## How to complete this task
An exact reproduction of the listing, minus the pictures, is the required output.
***** Data below
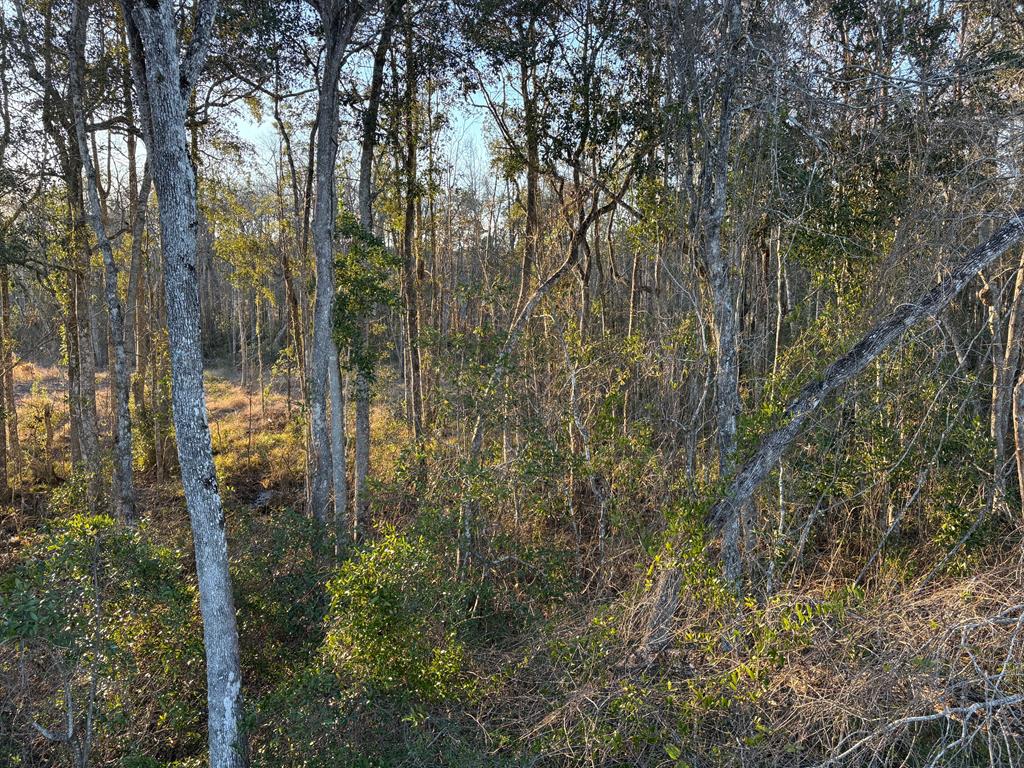 87 Highway 87 Samson, AL 36477 - Photo 37 of 47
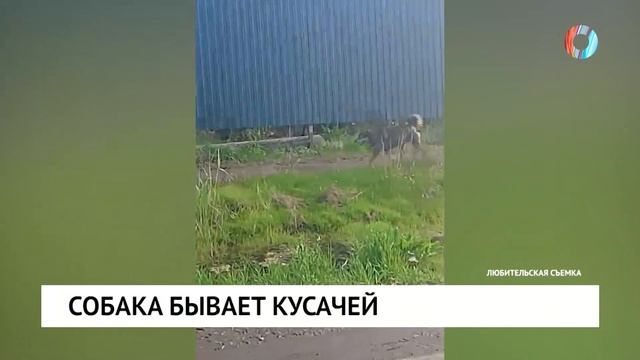 Новости от 12.05.2025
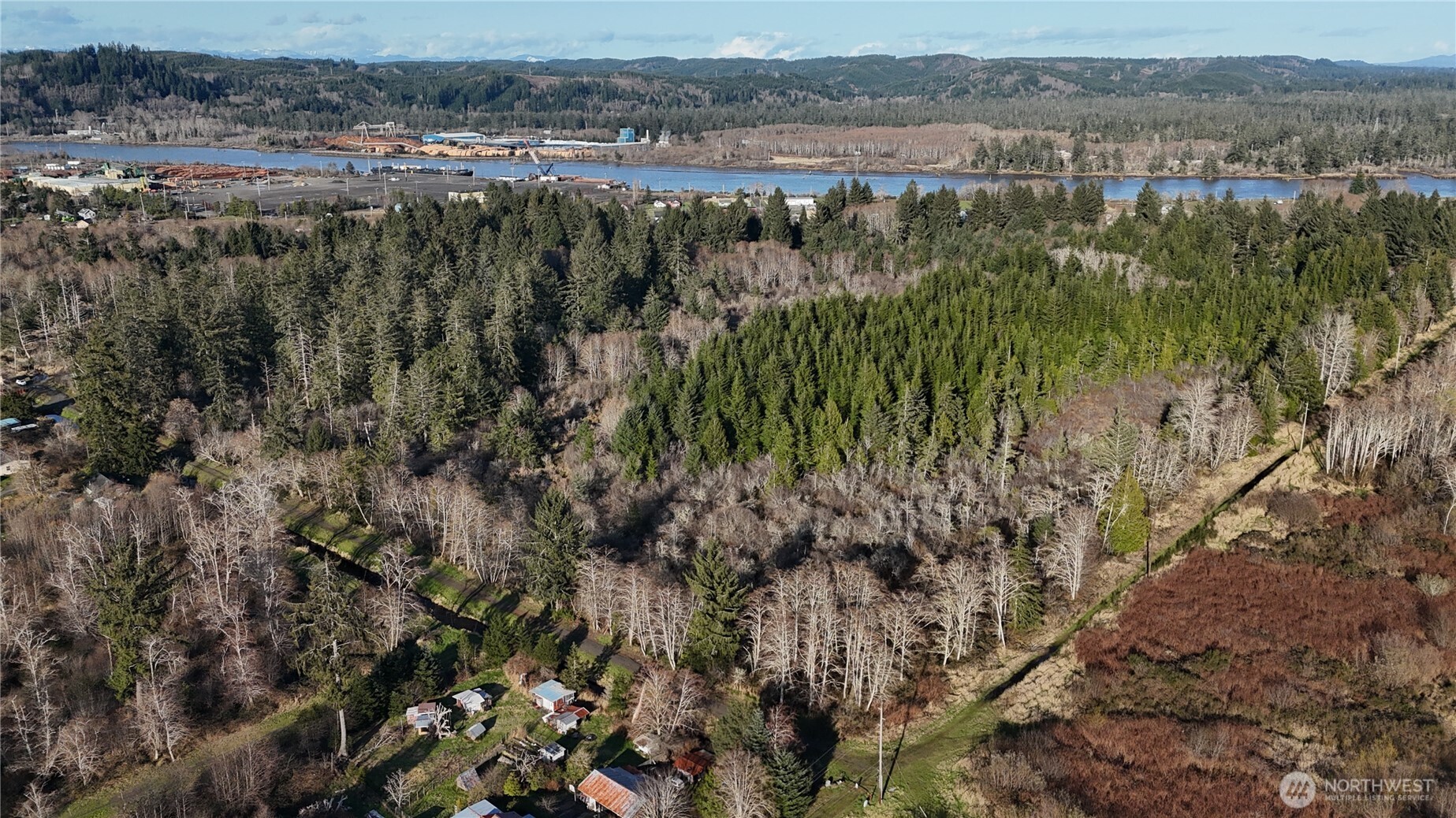 9 12203000000th Aberdeen, WA 98520 - Photo 9 of 12 a view of a forest with a houses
**********
## Your response
 87 Highway 87 Samson, AL 36477 - Photo 37 of 47
 Новости от 12.05.2025
 9 12203000000th Aberdeen, WA 98520 - Photo 9 of 12 a view of a forest with a houses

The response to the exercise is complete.